The action returns a URL that points to the transcription result in JSON format. For example:

https://assets.cognitiveactions.com/invocations/bffc47b2-b4c7-491e-b29b-fbe16a71fbd8/1fd191aa-7c8f-4fdb-b53d-1883796ace7b.json

This output will contain the transcribed text along with any relevant metadata, such as timestamps for each segment of the transcription.

Conceptual Usage Example (Python)

Here is a conceptual Python code snippet demonstrating how to call this action using the Cognitive Actions API:

import requests
import json

# Replace with your Cognitive Actions API key and endpoint
COGNITIVE_ACTIONS_API_KEY = "YOUR_COGNITIVE_ACTIONS_API_KEY"
COGNITIVE_ACTIONS_EXECUTE_URL = "https://api.cognitiveactions.com/actions/execute" # Hypothetical endpoint

action_id = "8b681ef3-517a-4809-b28f-93e1f3234f3b" # Action ID for Transcribe Audio with Timestamp Stabilization

# Construct the input payload based on the action's requirements
payload = {
    "url": "https://replicate.delivery/pbxt/Js2Fgx9MSOCzdTnzHQLJXj7abLp3JLIG3iqdsYXV24tHIdk8/OSR_uk_000_0050_8k.wav"
}

headers = {
    "Authorization": f"Bearer {COGNITIVE_ACTIONS_API_KEY}",
    "Content-Type": "application/json"
}

try:
    response = requests.post(
        COGNITIVE_ACTIONS_EXECUTE_URL,
        headers=headers,
        json={"action_id": action_id, "inputs": payload} # Hypothetical structure
    )
    response.raise_for_status() # Raise an exception for bad status codes (4xx or 5xx)

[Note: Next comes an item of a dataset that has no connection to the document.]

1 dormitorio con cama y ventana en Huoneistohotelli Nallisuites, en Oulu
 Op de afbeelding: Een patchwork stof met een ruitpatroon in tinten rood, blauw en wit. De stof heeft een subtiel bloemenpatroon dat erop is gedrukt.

    result = response.json()
    print("Action executed successfully:")
    print(json.dumps(result, indent=2))

except requests.exceptions.RequestException as e:
    print(f"Error executing action {action_id}: {e}")
    if e.response is not None:
        print(f"Response status: {e.response.status_code}")
        try:
            print(f"Response body: {e.response.json()}")
        except json.JSONDecodeError:
            print(f"Response body: {e.response.text}")

In this example, you replace the placeholder for your API key and make a POST request to the hypothetical Cognitive Actions API endpoint. The payload contains the URL of the media file you want to transcribe. The action ID is specified, and upon successful execution, the transcription result will be printed.

Conclusion

The hovevideo/stable-whisper Cognitive Actions provide a powerful solution for audio transcription, allowing developers to integrate high-quality, timestamped transcriptions into their applications effortlessly. The provided action not only simplifies the process of converting audio content into text but also ensures that the output is accurate and reliable. As you explore further, consider how these transcriptions can enhance user experiences, improve accessibility, or streamline workflows in your applications. Happy coding!